TASK STATEMENT
What's needed is an exact copy of all the data below, without pictures.

Short text fragments from websites
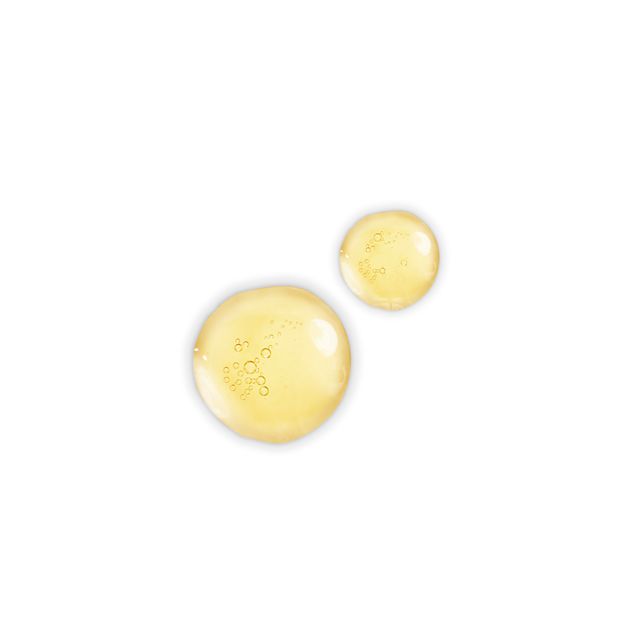 Collagen Superfusion Facial Oil swatch Two drops of a light-gold-coloured facial oil.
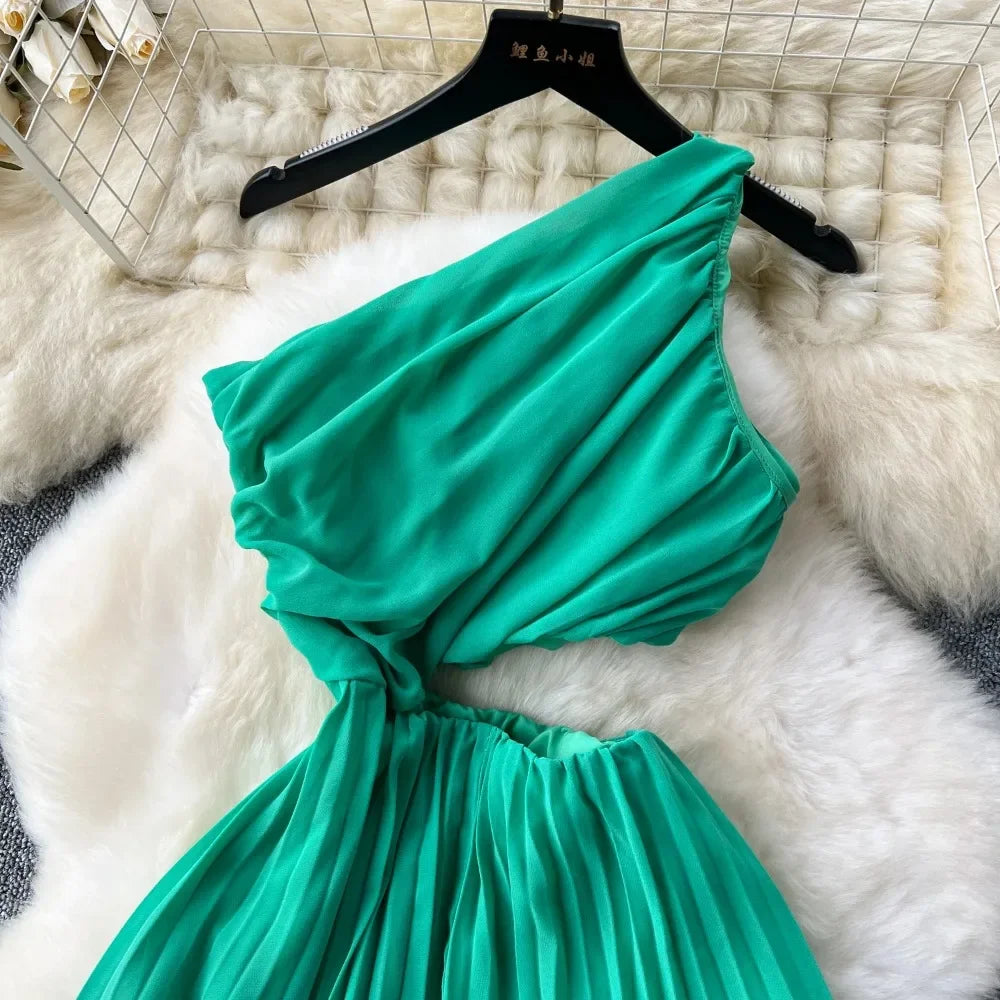 Chic Elegant Hollow Out Pleated Off Shoulder Off Waist Split Dress Vacation Diagonal Collar Women Ceremonial Vestidos Dresses
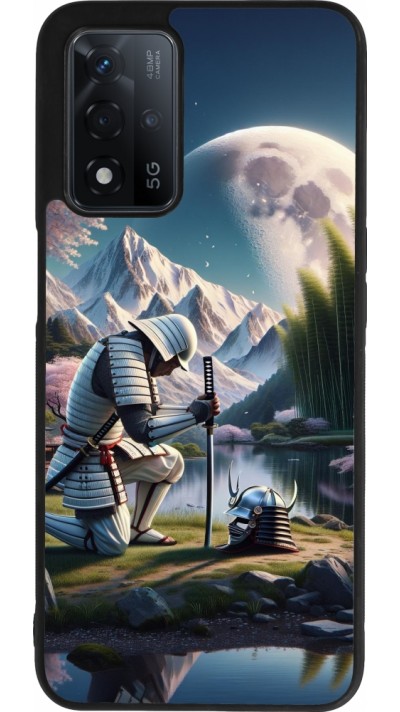 Coque OPPO A93s 5G - Silicone rigide noir Samurai Katana Lune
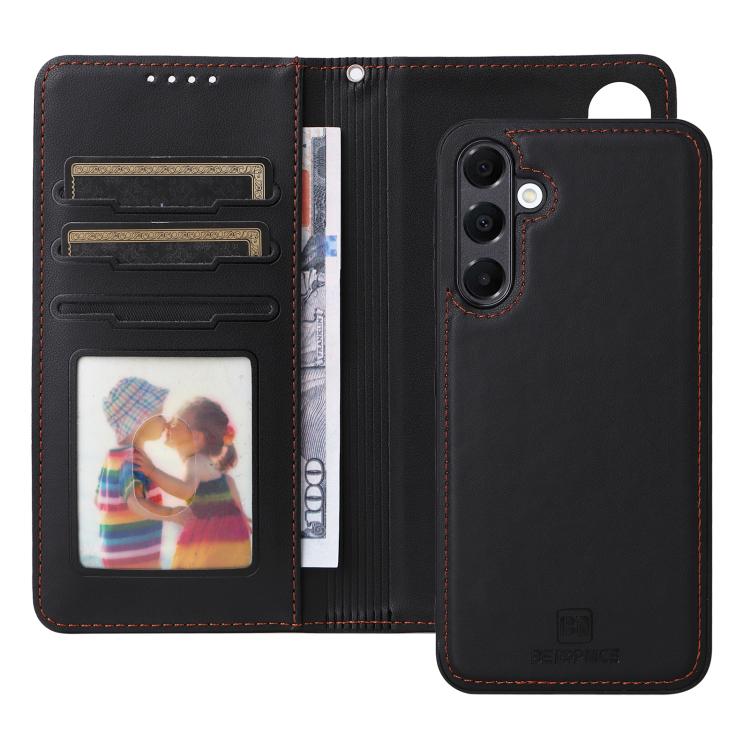 For Samsung Galaxy A16 5G BETOPNICE BN-005 2 in 1 Detachable Imitate Genuine Leather Phone Case(Black)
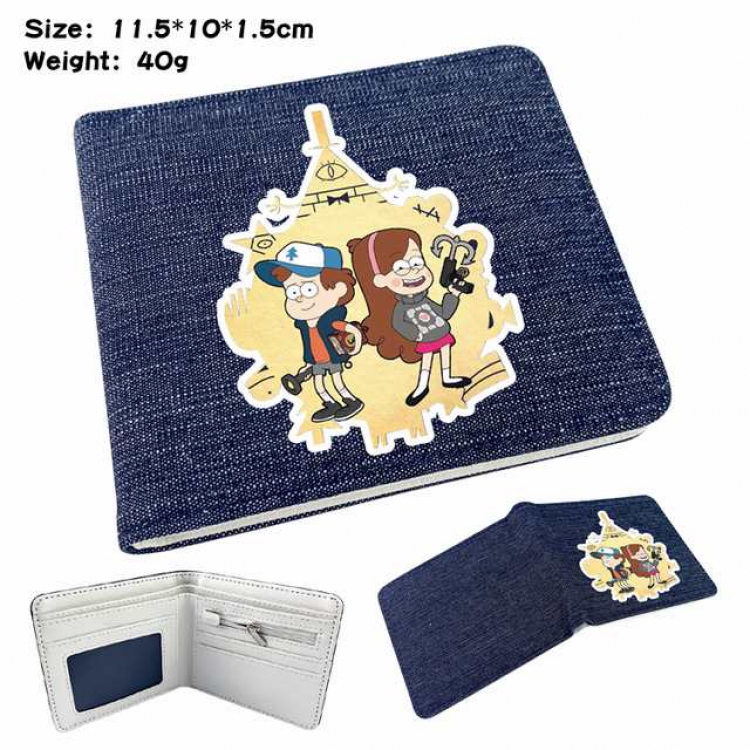 Gravity Falls Anime Printed denim color picture bi-fold wallet 11.5X10X1.5CM 40G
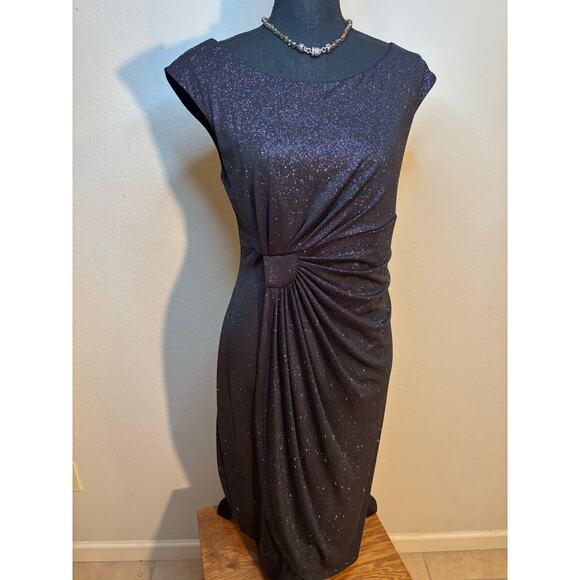 CONNECTED APPAREL Short Cap Sleeve Glitter Knit Dress in Gunmetal Sz 10 Women’s - Picture 4 of 10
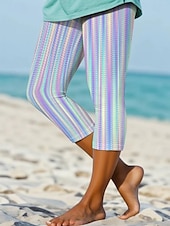 billiga Konst &amp; Design Tryck-Kvinnors leggings capribyxor hög elasticitet mode streetwear hel längd hög midja rutigt termisk varm andningsbar mjuk utomhus vardaglig regnbåge sommar vår vanlig passform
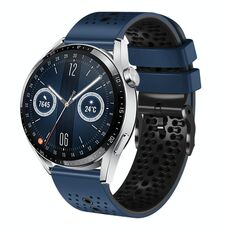 Per Huawei Watch GT3 46mm 22mm Cinturino in silicone bicolore traforato (blu notte + nero)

EXERCISE RESPONSE
 Collagen Superfusion Facial Oil swatch Two drops of a light-gold-coloured facial oil.
 Chic Elegant Hollow Out Pleated Off Shoulder Off Waist Split Dress Vacation Diagonal Collar Women Ceremonial Vestidos Dresses
 Coque OPPO A93s 5G - Silicone rigide noir Samurai Katana Lune
 For Samsung Galaxy A16 5G BETOPNICE BN-005 2 in 1 Detachable Imitate Genuine Leather Phone Case(Black)
 Gravity Falls Anime Printed denim color picture bi-fold wallet 11.5X10X1.5CM 40G
 CONNECTED APPAREL Short Cap Sleeve Glitter Knit Dress in Gunmetal Sz 10 Women’s - Picture 4 of 10
 billiga Konst &amp; Design Tryck-Kvinnors leggings capribyxor hög elasticitet mode streetwear hel längd hög midja rutigt termisk varm andningsbar mjuk utomhus vardaglig regnbåge sommar vår vanlig passform
 Per Huawei Watch GT3 46mm 22mm Cinturino in silicone bicolore traforato (blu notte + nero)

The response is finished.